# Preprocess data into Vector DataBase

First step is to process data into vectordb, so that we can create a retirever to load the data.

### Load the data
There are many loaders being supported in langchain. I choose PDF loader here.

In [6]:
from langchain.document_loaders import PyMuPDFLoader
path="道路交通安全規則.pdf"
loader = PyMuPDFLoader(path)
pdf_data = loader.load()

# Use the RecursiveCharacterTextSplitter to split the text into chunks
from langchain.text_splitter import RecursiveCharacterTextSplitter
text_splitter = RecursiveCharacterTextSplitter(chunk_size=100, chunk_overlap=5)
all_splits = text_splitter.split_documents(pdf_data)

### Embedding Model

There are many embedding models, I choose two embedding models to conduct the experiment:
- `text-embedding-3-small`: Charged
- `all-MiniLM-L6-v2`: Free

In [7]:
embedding_name = "text-embedding-3-small"
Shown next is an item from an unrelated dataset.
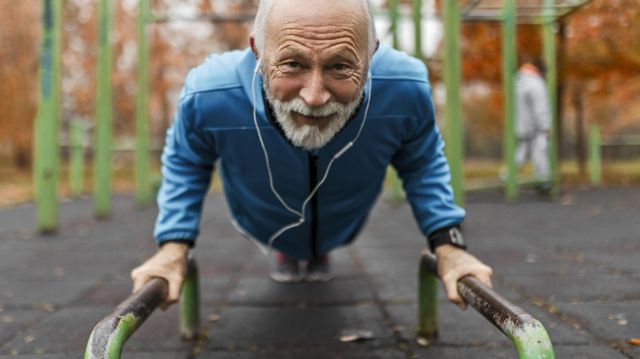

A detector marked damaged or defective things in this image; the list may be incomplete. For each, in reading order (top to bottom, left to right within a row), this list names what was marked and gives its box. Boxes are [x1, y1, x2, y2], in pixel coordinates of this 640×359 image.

rusty metal bar [85, 258, 199, 358]
rusty metal bar [418, 252, 552, 358]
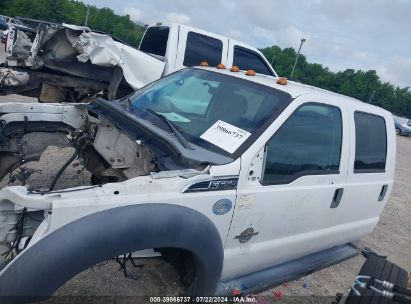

if embedding_name == "text-embedding-3-small":
    from key import API_KEY
    from langchain.embeddings import OpenAIEmbeddings
    import os
    os.environ["OPENAI_API_KEY"] = API_KEY
    embedding_openai = OpenAIEmbeddings(model="text-embedding-3-small")
elif embedding_name == "all-MiniLM-L6-v2":
    from langchain.embeddings import HuggingFaceEmbeddings
    model_name = "sentence-transformers/all-MiniLM-L6-v2"
    model_kwargs = {'device': 'cpu'}
    embedding = HuggingFaceEmbeddings(model_name=model_name,
                                    model_kwargs=model_kwargs)
else:
    raise NotImplementedError

### Create the vector database

In [8]:
from langchain.vectorstores import Chroma
persist_directory = 'db'
vectordb = Chroma.from_documents(documents=all_splits, embedding=embedding, persist_directory=persist_directory)

## Language Model
Here we use the api service provided by `llamafactory-cli` to hold our LLM.

Use the following command to setup the service:
```
API_PORT=8000 llamafactory-cli api model_info.yaml
```

After we've create the host, we can use `ChatOpenAI` to get the output.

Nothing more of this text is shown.